Watch a side-by-side tasting with Don Osborn’s
Generic Green Bottle homebrew vs Carlsberg Danish Lager

 

Generic Green Bottle 

This recipe is for a classic generic European “premium” pale lager that comes in a green bottle. It’s not a clone of Stella Artois, Heineken, Grolsch, Kronenburg 1664, Beck’s, Amstel, Carlsberg, or any of the other countless international pale lagers out there. But it’s definitely inspired by them, minus the potential light-struck “skunky” character that can come from travel in a green bottle.

For extra authenticity, serve this beer with skinny jeans, a cigarette, good public transit, and relaxed social mores.

Vital Stats

Batch size: 5 gallons (18.9 liters)
Boil time: 90 minutes
Original extract: 12.1°P (1.049 SG)
Apparent extract: 2.6°P (1.010 SG)
Alcohol: 5.1% by volume
Bitterness: 22 IBU
Color: 4 SRM

Malts

  • 9 lb. Weyermann Pilsner malt
  • 4.0 oz. Weyermann CaraHell malt

Hops

  • 0.25 oz. Magnum [14% A.A.] at 60 min
  • 0.5 oz. Hallertauer Mittelfrüh [4% A.A.] at 15 min
  • 1 oz. Saaz [3.75% A.A.] at 5 min

Yeast

  • Wyeast 2042 Danish Lager

Mash Schedule

  • 147°F (64°C) for 30 min
  • 162°F (72°C) for 30 min
  • 170°F (77°C) for 5 min

Brewing Notes

Mash according to the indicated schedule and collect enough wort to yield 5 gallons (19 liters) after a vigorous 90-minute boil, about 6.5 gallons (24.6 liters). Boil for 90 minutes, adding hops per the schedule above.

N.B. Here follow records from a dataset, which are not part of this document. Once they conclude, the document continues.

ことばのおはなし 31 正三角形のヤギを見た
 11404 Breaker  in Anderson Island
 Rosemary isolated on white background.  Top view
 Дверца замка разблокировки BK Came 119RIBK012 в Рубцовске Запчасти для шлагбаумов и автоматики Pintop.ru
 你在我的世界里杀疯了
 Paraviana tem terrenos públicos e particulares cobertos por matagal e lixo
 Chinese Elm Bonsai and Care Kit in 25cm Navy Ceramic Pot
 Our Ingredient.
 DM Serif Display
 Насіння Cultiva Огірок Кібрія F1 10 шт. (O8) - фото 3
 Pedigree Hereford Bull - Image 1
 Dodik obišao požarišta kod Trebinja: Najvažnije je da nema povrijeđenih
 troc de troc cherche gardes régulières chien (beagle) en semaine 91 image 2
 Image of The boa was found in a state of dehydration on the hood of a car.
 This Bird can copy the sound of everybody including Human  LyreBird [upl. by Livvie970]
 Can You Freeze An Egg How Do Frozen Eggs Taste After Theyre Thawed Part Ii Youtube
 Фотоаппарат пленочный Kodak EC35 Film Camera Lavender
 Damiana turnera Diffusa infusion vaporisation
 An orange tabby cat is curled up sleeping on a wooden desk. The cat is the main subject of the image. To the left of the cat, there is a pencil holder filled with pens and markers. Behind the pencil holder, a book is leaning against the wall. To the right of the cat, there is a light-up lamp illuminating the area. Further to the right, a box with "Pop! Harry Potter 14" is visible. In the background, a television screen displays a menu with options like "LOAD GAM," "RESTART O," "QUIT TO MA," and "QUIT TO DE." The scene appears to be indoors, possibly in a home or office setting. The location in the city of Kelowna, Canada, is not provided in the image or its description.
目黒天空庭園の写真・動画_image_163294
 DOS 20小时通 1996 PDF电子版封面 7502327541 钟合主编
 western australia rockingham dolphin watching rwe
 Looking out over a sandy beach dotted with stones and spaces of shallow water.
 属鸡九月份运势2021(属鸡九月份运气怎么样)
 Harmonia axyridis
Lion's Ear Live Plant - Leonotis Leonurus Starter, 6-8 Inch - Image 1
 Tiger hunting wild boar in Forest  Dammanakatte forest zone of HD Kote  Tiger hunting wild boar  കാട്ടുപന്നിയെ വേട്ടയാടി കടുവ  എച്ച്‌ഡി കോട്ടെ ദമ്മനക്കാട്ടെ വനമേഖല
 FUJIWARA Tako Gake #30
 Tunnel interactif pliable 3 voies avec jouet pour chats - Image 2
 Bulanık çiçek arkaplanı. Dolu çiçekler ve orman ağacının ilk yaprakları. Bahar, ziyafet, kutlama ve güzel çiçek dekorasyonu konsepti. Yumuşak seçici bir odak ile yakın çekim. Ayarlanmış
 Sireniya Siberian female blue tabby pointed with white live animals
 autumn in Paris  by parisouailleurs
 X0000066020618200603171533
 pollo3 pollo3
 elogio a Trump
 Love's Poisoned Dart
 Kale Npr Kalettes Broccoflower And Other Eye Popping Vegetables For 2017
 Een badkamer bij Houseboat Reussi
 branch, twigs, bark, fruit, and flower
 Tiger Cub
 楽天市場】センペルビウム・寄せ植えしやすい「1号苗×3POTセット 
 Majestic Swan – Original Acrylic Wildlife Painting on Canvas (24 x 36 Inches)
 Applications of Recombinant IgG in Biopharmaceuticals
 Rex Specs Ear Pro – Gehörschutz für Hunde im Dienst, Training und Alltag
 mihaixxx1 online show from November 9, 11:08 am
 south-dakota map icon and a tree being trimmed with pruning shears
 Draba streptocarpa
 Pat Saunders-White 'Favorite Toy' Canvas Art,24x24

Chill wort, pitch yeast at 48°F (9°C), and ferment according to the Narziß schedule if possible (see below). Lager for 4 weeks before packaging.

 

Narziß Lager Fermentation Schedule 

Cold ferment (46-50°F or 8-10°C) until specific gravity of the beer falls about half way from the measured original gravity to the expected final gravity.

Then, the temperature is raised to 54°F (12°C) and held until the beer reaches terminal gravity, after which time it is gradually cooled by about 2°F (1°C) per day to a lagering temperature near 32°F (0°C) and conditioned for several weeks or months. 

The eponymous lager phase is the long, cold period during which lager beer matures, mellows, and smooths out around the edges. An important aspect of the process is that it takes place on the yeast. This is crucial, as lager yeast continues to remain active even at temperatures near freezing.